PyNoon Data Lesson 3 - Tutorial

This tutorial will cover grouping and summarising data with Pandas and Plotly, and handling missing data with Pandas.

It is based on:

Setup

Make a new notebook for this lesson
What’s the first thing to do? RENAME IT!
Name it pynoon_data_3.ipynb

Load Data into Pandas

As we did last lesson, let’s load the Pandas and Plotly libraries, and load our AirBnB listings data into Pandas:

import pandas as pd
import plotly.express as px

listings_df = pd.read_csv('https://pynoon.github.io/data/inside_airbnb_listings_nz_2023_09.csv')
listings_df

We can see how big the DataFrame is using .shape:

listings_df.shape

We can also see what columns we have available to work with:

listings_df.columns

Grouping Data in Plotly

When analysing data, we often want to compare different groups.

One simple way is to colour data points by a categorical column when plotting. For example, colouring listings by their room type:

px.scatter_geo(listings_df, lon='longitude', lat='latitude', color='room_type')

We can also specify a categorical column as a facet_row or facet_col to generate a separate graph for data points having each “facet” value.

In the plot below, note that we:

Sort the data by the accommodates column, so that the facet plots are sorted by value.
Increase the height of the output to better view the large number of plots.
Set histnorm='percent' so that groups with few data points still have a “full size” plot.

px.histogram(
    listings_df.sort_values(by='accommodates'),
    x='price_nzd',
    facet_row='accommodates',
    height=2000,
    histnorm='percent',
)

It can be useful to compute our own categorical columns, such as to compare one category against all others:

listings_df['is_queenstown'] = listings_df['region_parent_name'] == 'Queenstown-Lakes District'
px.histogram(
    listings_df,
    x='price_nzd',
    facet_row='is_queenstown',
    histnorm='percent',
)

Grouping Data in Pandas

We can also use Pandas’ groupby() to split up a DataFrame according to a categorical attribute:

for accommodates, accommodates_group_df in listings_df.groupby('accommodates'):
    print('Accommodates:', accommodates)
    display(accommodates_group_df)

groupby() can also be used to produce a DataFrame of aggregate statistics for each group. In the following, see how we:

Specify the columns from which to create a group for each combinations of values (['accommodates', 'room_type'])
Use indexing to select a list of columns to calculate the statistic for (['price_nzd', 'review_scores_rating'])
Choose a statistic to calculate: mean()
- You can also compute sum(), std(), and more.

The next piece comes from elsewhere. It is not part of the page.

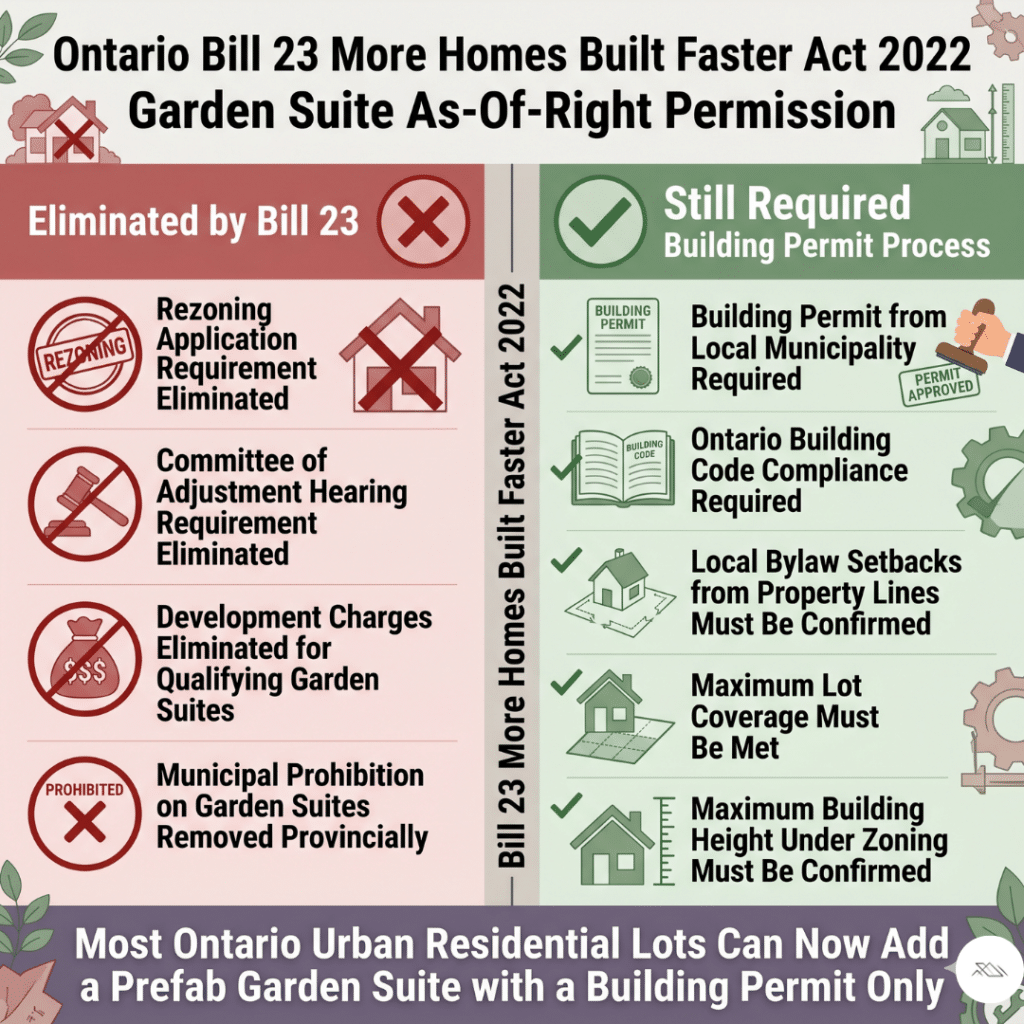 Prefab home permits Ontario Bill 23 More Homes Built Faster Act garden suite as-of-right permission comparison showing what Bill 23 eliminated including rezoning application requirement Committee of Adjustment hearing requirement development charges for qualifying accessory residential units and municipal prohibition on garden suites versus what building permit process still requires including building permit from local municipality Ontario Building Code compliance local bylaw setbacks lot coverage and building height confirmation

listings_df.groupby(['accommodates', 'room_type'])[['price_nzd', 'review_scores_rating']].mean()

Note that groupby() turns the group columns into an index. We can turn it back into a regular column with reset_index():

listing_groups_df = listings_df.groupby(['accommodates', 'room_type'])[['price_nzd', 'review_scores_rating']].mean().reset_index()
listing_groups_df

Such DataFrames produced with groupby() can be very useful for producing plots of statistics, like bar charts:

px.bar(
    listing_groups_df,
    x='accommodates',
    y='price_nzd',
    color='room_type',
    barmode='group',
    title='Mean Price',
)

We can also export our new DataFrame to a CSV file:

listing_groups_df.to_csv('listing_groups.csv')

Handling Missing Data in Pandas

We can also use .count() to count the number of rows in each group, but notice that the count for the rating column is less than the price column:

listings_df.groupby('accommodates')[['price_nzd', 'review_scores_rating']].count().reset_index()

This is because there are missing (aka null, aka NA) values in the rating column that are ignored by count().

We can use isna() to get a mask of rows where a value is missing:

listings_df['review_scores_rating'].isna()

listings_df[listings_df['review_scores_rating'].isna()]

We can then invert the mask with ~ and filter out rows with missing values:

listings_df[~listings_df['review_scores_rating'].isna()]

Alternatively, we can use fillna() to replace missing values with a fixed value. For example, we make want to consider un-reviewed listings with a mid-point rating:

listings_df['review_scores_rating_filled'] = listings_df['review_scores_rating'].fillna(2.5)
listings_df

Finally, dropna() on a DataFrame can be used to simply remove any rows where any column contains a missing value:

listings_df.dropna()